Como regresó de Cuba con un panamá, reloj con cadena de oro, anteojos para leer el periódico y hablando castellano, comenzaron a darle el don, don Vitorio Lence. Tendría sus cuarenta y cinco años, más de mediana estatura, el pelo arrubiado y rizo, y era muy amable conversador. Empezó a dar consejos a los vecinos enfermos, los cuales sanaban si atendían a sus instrucciones. Don Vitorio Lence aseguraba que en Santiago de Cuba había aprendido ciencia médica con un sabio negro.

—Aquí levantan la paletilla —decía—, pero en Cuba levantaban el aliento.

Don Vitorio Lence levantaba el aliento a sus vecinos enfermos, y también acertaba con las vacas y los cerdos. No cobraba nada, acudía siempre que lo llamaban, y era muy apreciado. Un día lo llamaron para que viese al sacristán de Pol, que tenía un cólico. Don Vitorio Lence le tomó el pulso y le dijo:

—Estás mal, pero yo puedo curarte, que tengo fuerza medicinal para ello, pero para pasártela, tengo que ponerme desnudo y tú también.

Don Vitorio Lence se desnudó y se puso a los pies de la cama del sacristán, haciendo con las manos pases en el aire. Terminada la sesión, recetó una infusión de flor de tojo. Al sacristán le pasó el cólico, y nunca más volvió a tener otro. El caso fue muy comentado. Hubo muchos enfermos a los que don Vitorio Lence curó desnudándose ante ellos para que de su cuerpo saliesen con facilidad las virtudes curativas. Muy respetuoso, antes de desnudarse pedía a las señoras que cerrasen los ojos. A veces explicaba que si hubiese la instalación adecuada, que podía probar que tenía en su cuerpo corriente eléctrica suficiente para encender una bombilla de cuarenta.

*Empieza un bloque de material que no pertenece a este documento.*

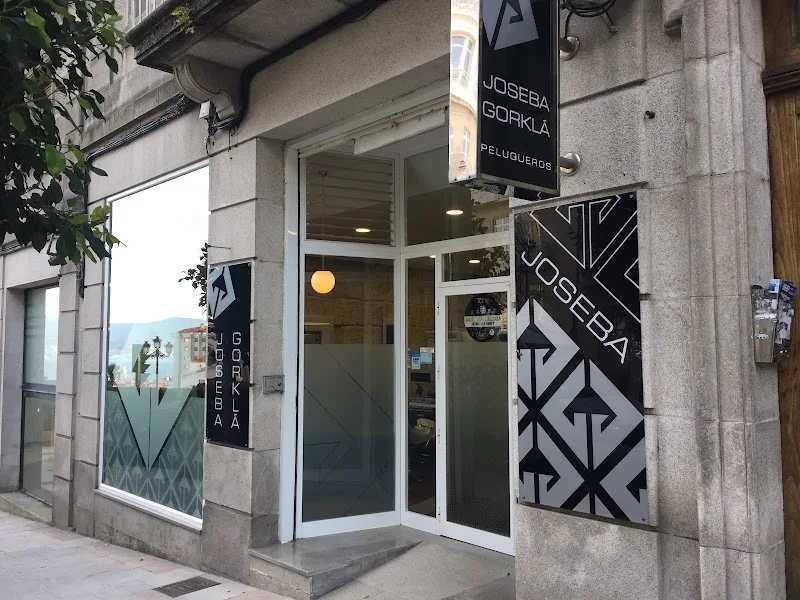Joseba Gorkla - Coiffure Vigo - Photo de couverture - OneBooking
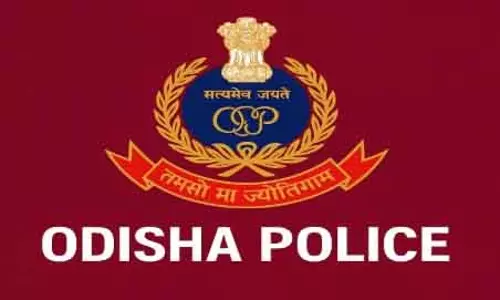 Odisha पुलिस ने बेटियों की हत्या आरोपी महिला का शव बरामद किया Odisha पुलिस ने बेटियों की हत्या आरोपी महिला का शव बरामद किया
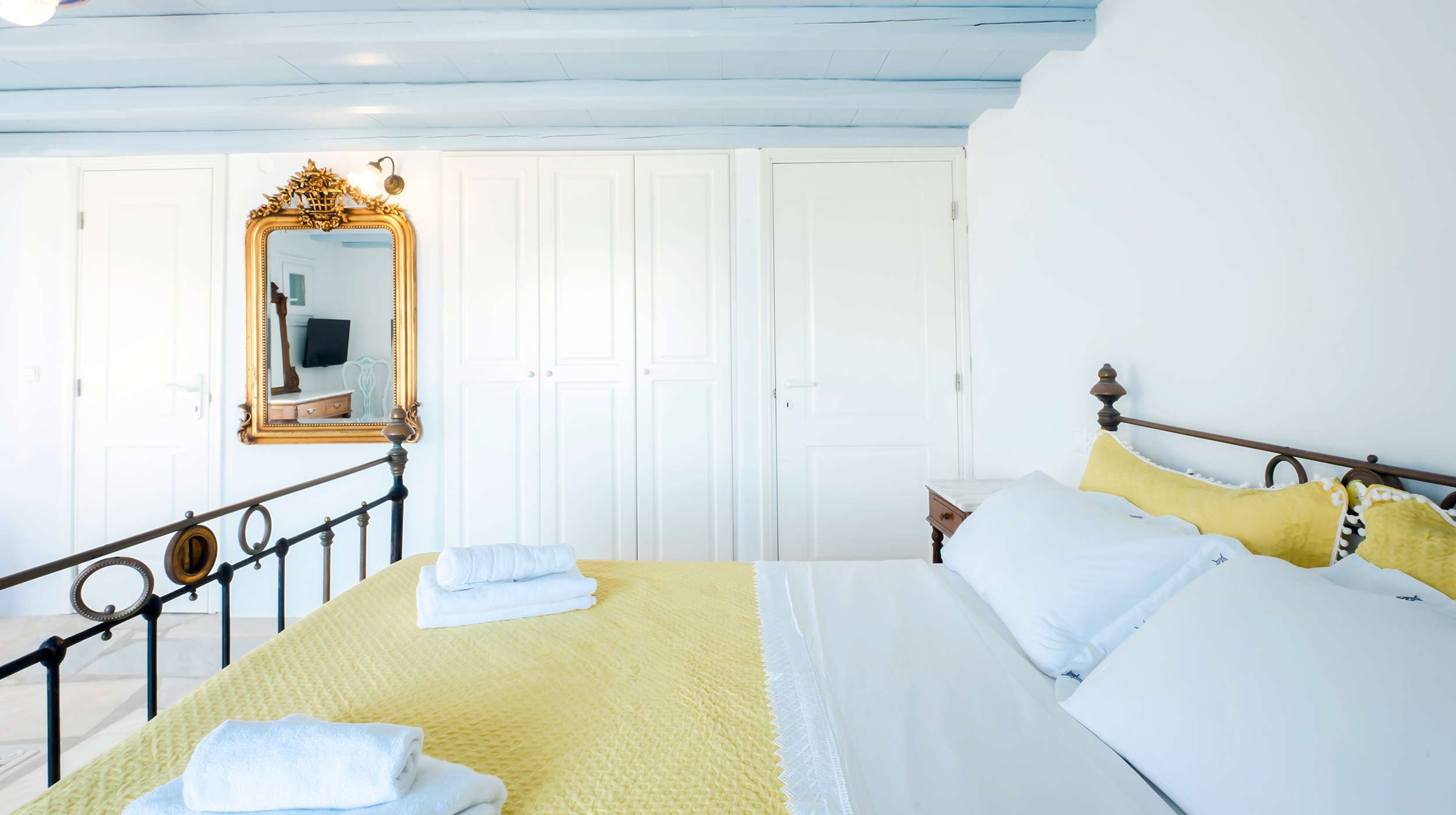 Villa Boufla – Superior Holiday Home with Sea View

Una tarde de invierno lo llamaron para que fuese al pazo de Meza, que la más joven de las señoritas estaba muy mal. Un médico había dicho que era cosa de estómago y otro que tenía mal el hígado. El caso es que estaba muy mal. Era la más joven de las tres hermanas solteronas, y aún estaba de buen ver. Pasaba el día bordando, cuidando las flores y tocaba algo el piano. Don Vitorio Lence aseguró que aquel era precisamente uno de los casos en los que no tenía más remedio que desnudarse. Las tres hermanas celebraron sesión en el comedor de la casa, y decidieron que lo más importante en esta vida es la salud y que un desnudo de hombre tomado como medicina, que no suponía deshonestidad. ¡Si vivieran sus padres y lo vieran! Pero los tiempos cambiaban y las ciencias adelantaban. Don Vitorio Lence se desnudó a los pies de la cama de la señorita Delia, hizo los pases de rigor, le frotó los pies, y finalmente, dándole un beso en uno de ellos, le dijo:

—¡Ya está usted curada!

Lo que estaba era mejorada, pero de vez en cuando le venían los dolores y unos sofocos, y había que llamar de nuevo a don Vitorio Lence. Un día don Vitorio les dijo a las hermanas:

—Para una curación completa, no hay más solución que el cuerpo a cuerpo. Y como se trata de una señorita muy decente, no tengo inconveniente en sacrificarme y pasar al matrimonio.

Y como la salud es lo más importante en esta vida, doña Delia se casó con don Vitorio, y con el matrimonio curó del todo. Por pedido de su mujer, don Vitorio se retiró de la medicina de señoras, y últimamente se dedicaba al ganado, lo que no le obligaba a desnudarse.